Thursday 26 November 2009

OLAF RUPP / MARINO PLIAKAS / MICHAEL WERTMÜLLER – Too Much Is Not Enough

FMP

This album is the result of two days of recording that occurred at Köln’s Loft in May of 2009. A power trio is always expected to produce some variety of dynamic music whatever the context it performs in, yet Rupp, Pliakas and Wertmüller exceeded all anticipations, realizing their vision through the use of nearly superhuman energies, leaving us wanting for more even at the end of a quite long program (circa 65 minutes).

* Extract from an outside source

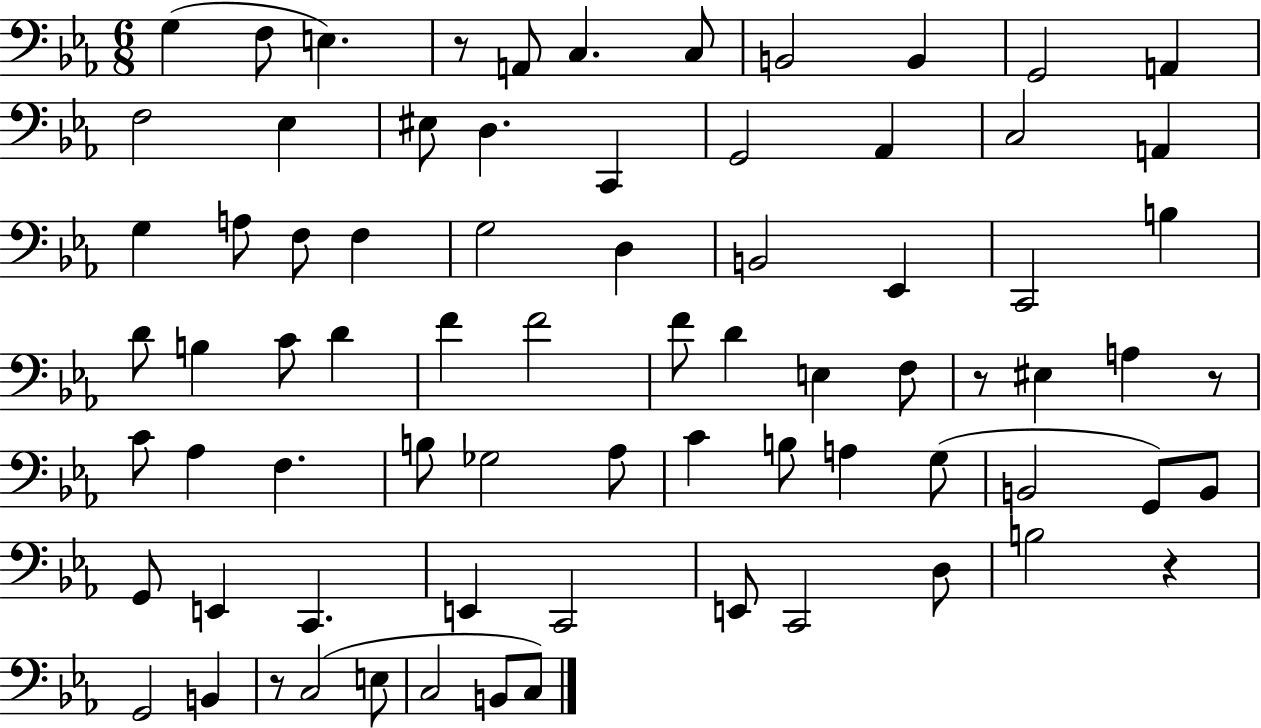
G3/q F3/e E3/q. R/e A2/e C3/q. C3/e B2/h B2/q G2/h A2/q F3/h Eb3/q EIS3/e D3/q. C2/q G2/h Ab2/q C3/h A2/q G3/q A3/e F3/e F3/q G3/h D3/q B2/h Eb2/q C2/h B3/q D4/e B3/q C4/e D4/q F4/q F4/h F4/e D4/q E3/q F3/e R/e EIS3/q A3/q R/e C4/e Ab3/q F3/q. B3/e Gb3/h Ab3/e C4/q B3/e A3/q G3/e B2/h G2/e B2/e G2/e E2/q C2/q. E2/q C2/h E2/e C2/h D3/e B3/h R/q G2/h B2/q R/e C3/h E3/e C3/h B2/e C3/e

An association that came to mind during one of the repeated spins was Last Exit. Too Much Is Not Enough vibrates in fact of the same devastating fervour, that kind of take-no-prisoners attitude imbued both with technical expertise and utter abandonment of pondering that characterizes the milestones of free improvisation, a category to which this release definitely belongs. Rupp – a guitarist who never managed to enter the realm of personal favourites – shows that his playing on the electric is abundantly superior to what he does with acoustic, scathing lines and sparkling harmonics defining an imperative: that of meaning plenty and thinking less, a quality that not many artists are able to develop. In this case the success is total, enhanced by Pliakas’ overwrought massiveness on the bass, treated as a generator of snarls, rumbles and growls rather than a bottom-delineating machine, and Wertmüller’s frantic drumming, characterized by a splendidly snappy snare amidst perennially rolling avalanches, under which my instinct kept detecting a fundamental vital pulse. Together, the musicians reach a point of continuous boiling that nevertheless doesn’t generate an explosion that would, in a way, waste that accumulation of forces. What is to be loved is the hardnosed threat symbolized by the trio’s implacability, in comparison to which certain hypothetically “rebellious” entities cannot but pale - or plain disappear.

One of those recordings that, listened by a walkman while strolling across the city, put at risk of being hurt by the upcoming vehicles if inadvertently crossing the road, given the impressively discourteous, utterly involving manner in which it transmits the message and the unconditional value of its uproar. Great stuff – and look at the traffic lights before someone runs you over.